### What this task involves
Every line from the one holding "220页精益生产培训教程，让你搞清楚什么是精益生产，你懂了吗？" through the one holding "250 MHz LiNbO3, 7 chip" in the data below must be returned exactly, both ends included, with pictures left out and nothing else added.
※
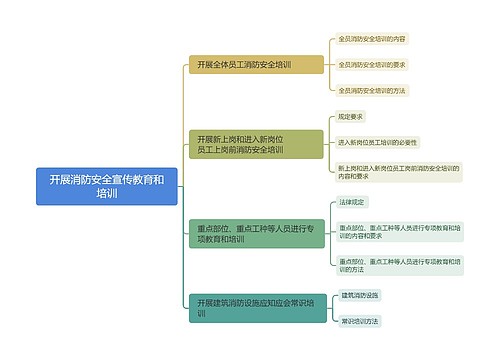 开展消防安全宣传教育和培训思维导图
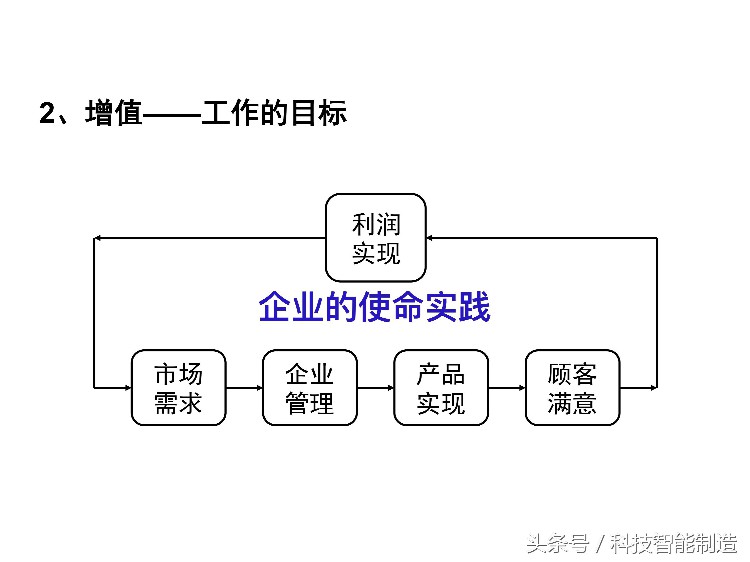 220页精益生产培训教程，让你搞清楚什么是精益生产，你懂了吗？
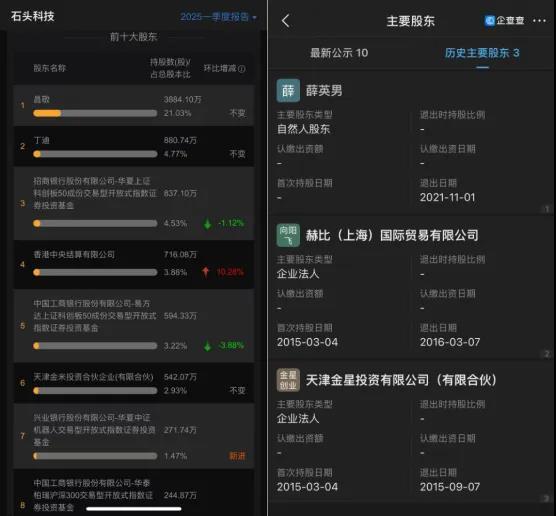 石头科技Q1净利润暴跌背后：昌敬心思“在别处”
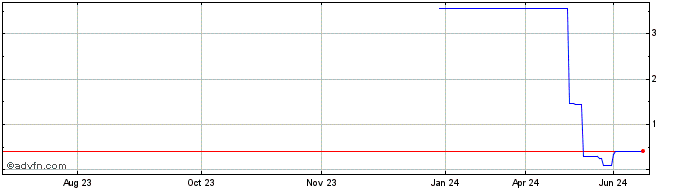 1 Year Endor (GM) Share Price Chart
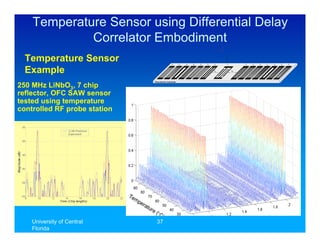 Temperature Sensor using Differential Delay
             Correlator Embodiment
  Temperature Sensor                              f3      f5   f0   f6   f2   f4   f1        f1   f4   f2   f6   f0   f5   f3



  Example                                                                          !1   !2




250 MHz LiNbO3, 7 chip
                              Piezo electric Sub strate




reflector, OFC SAW sensor
tested using temperature
controlled RF probe station




    University of Central       37
    Florida
    School of Electrical
    Engineering and
 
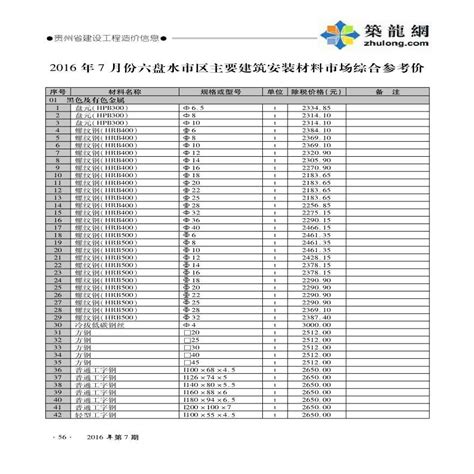 六盘水申请办理中国建筑工程重点推荐产品_中科商务网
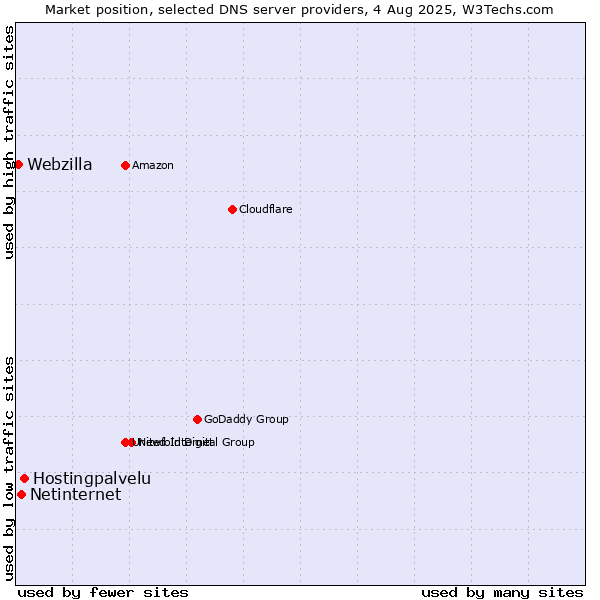 Market position of Hostingpalvelu vs. Netinternet vs. Webzilla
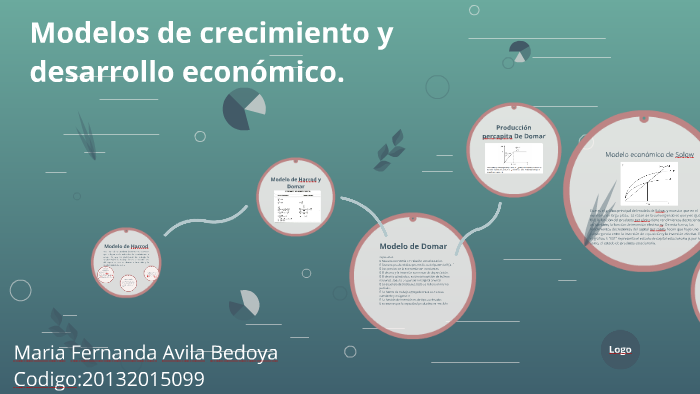Modelos De Crecimiento Y Desarrollo Económico By Maria Fernanada Avila Bedoya On Prezi Next
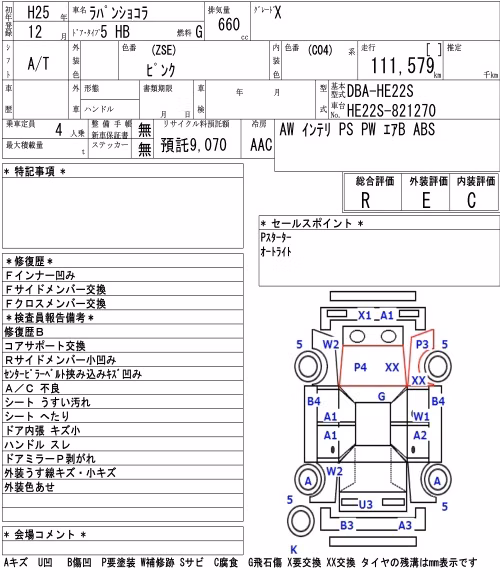 SUZUKI ALTO LAPIN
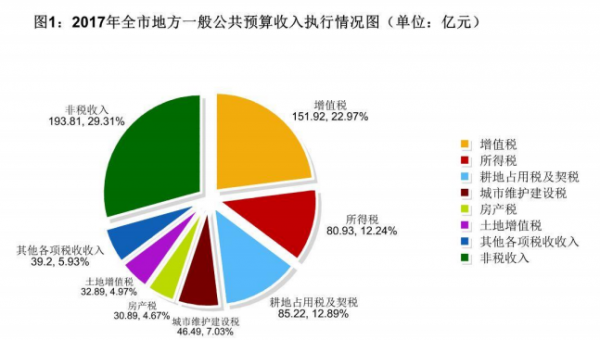 新加坡無法實(shí)現(xiàn)能源獨(dú)立，佛山市可以實(shí)現(xiàn)電力自足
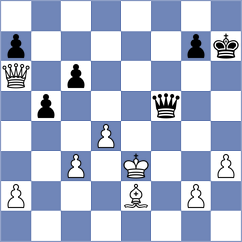 Povshednyi - Bueno (chess.com INT, 2024)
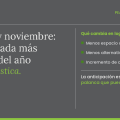Peak Season logística: por qué octubre y noviembre exigen más planificación que nunca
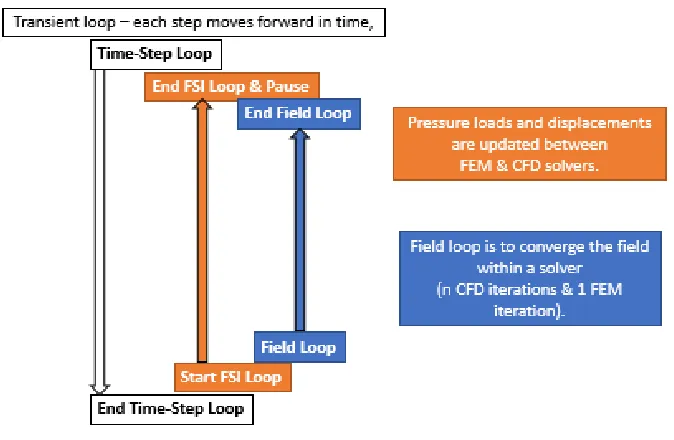 Figure 12.5.2 Advantages of two-way FSI 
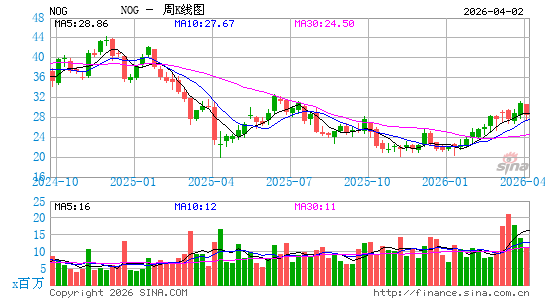 Northern Oil & Gas, Inc.周K线图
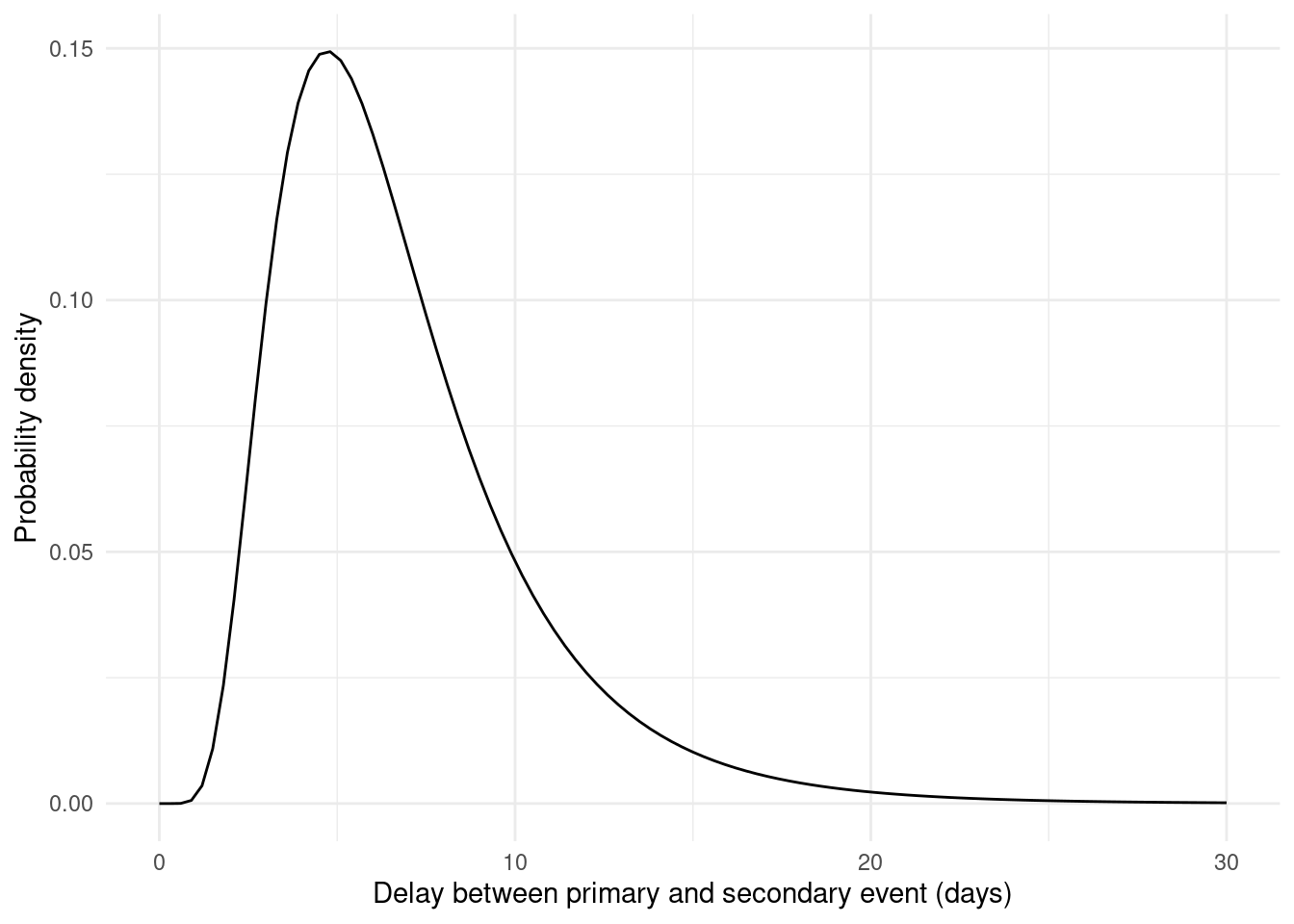 The lognormal distribution is skewed to the right. Long delay times still have some probability.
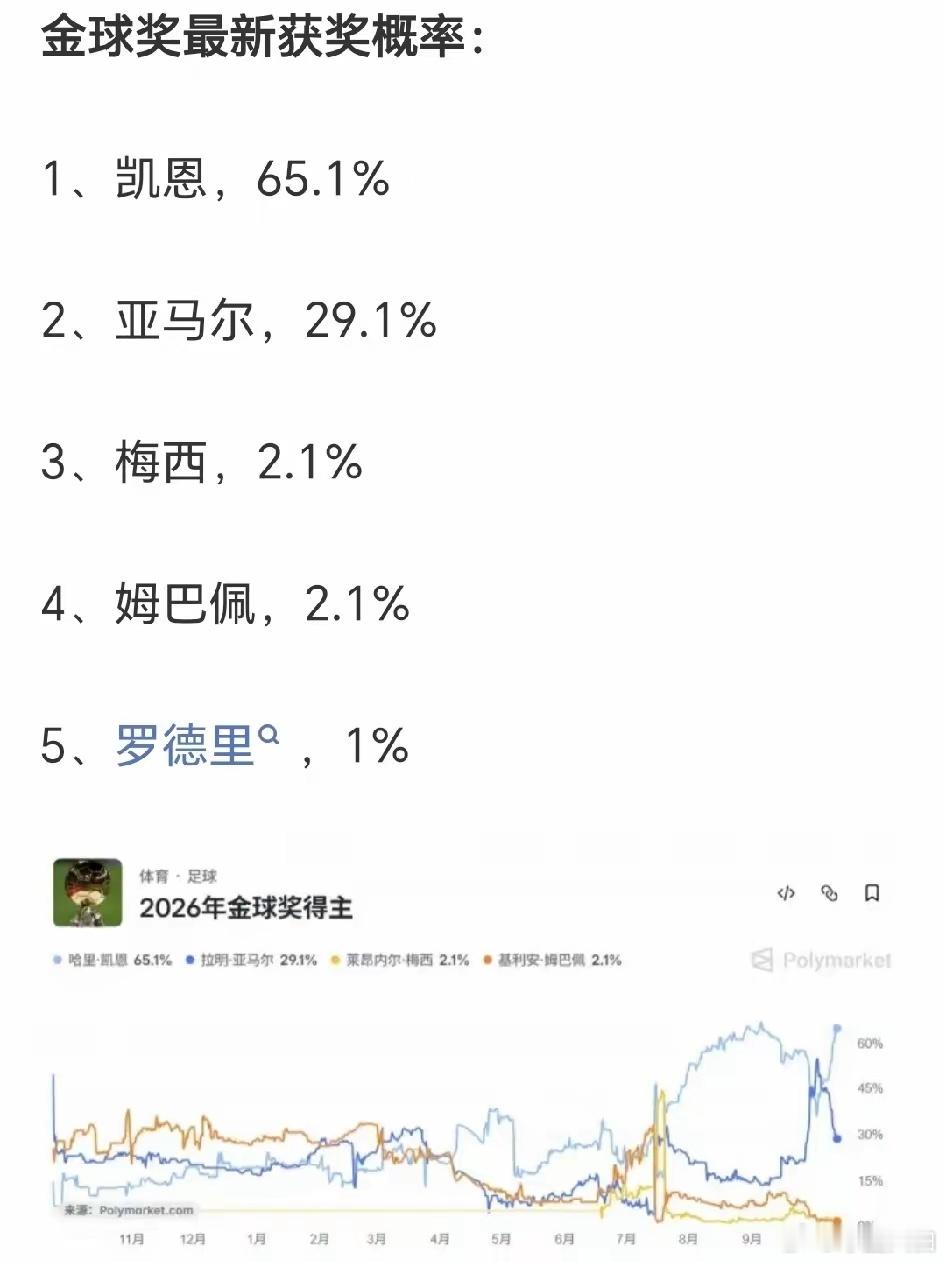 看了最新的金球奖获奖概率，不得不承认三个不争的事实：1、姆巴佩真配不上金球奖，不管什么竞技体育，数据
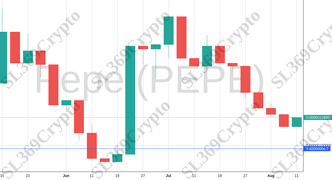 Accurate prediction 1272 - Pepe (PEPE) hit $0.00000098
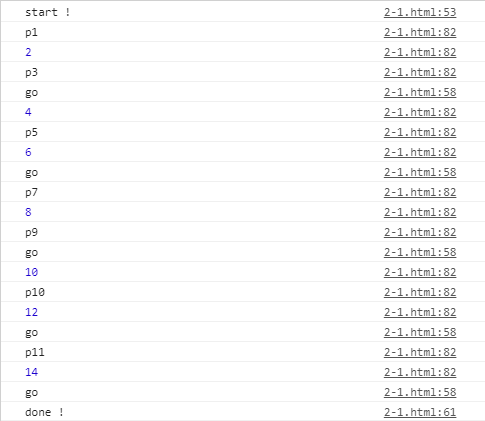 JavaScript如何实现指定数量的并发限制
※
### Answer for the task
 220页精益生产培训教程，让你搞清楚什么是精益生产，你懂了吗？
 石头科技Q1净利润暴跌背后：昌敬心思“在别处”
 1 Year Endor (GM) Share Price Chart
 Temperature Sensor using Differential Delay
             Correlator Embodiment
  Temperature Sensor                              f3      f5   f0   f6   f2   f4   f1        f1   f4   f2   f6   f0   f5   f3



  Example                                                                          !1   !2




250 MHz LiNbO3, 7 chip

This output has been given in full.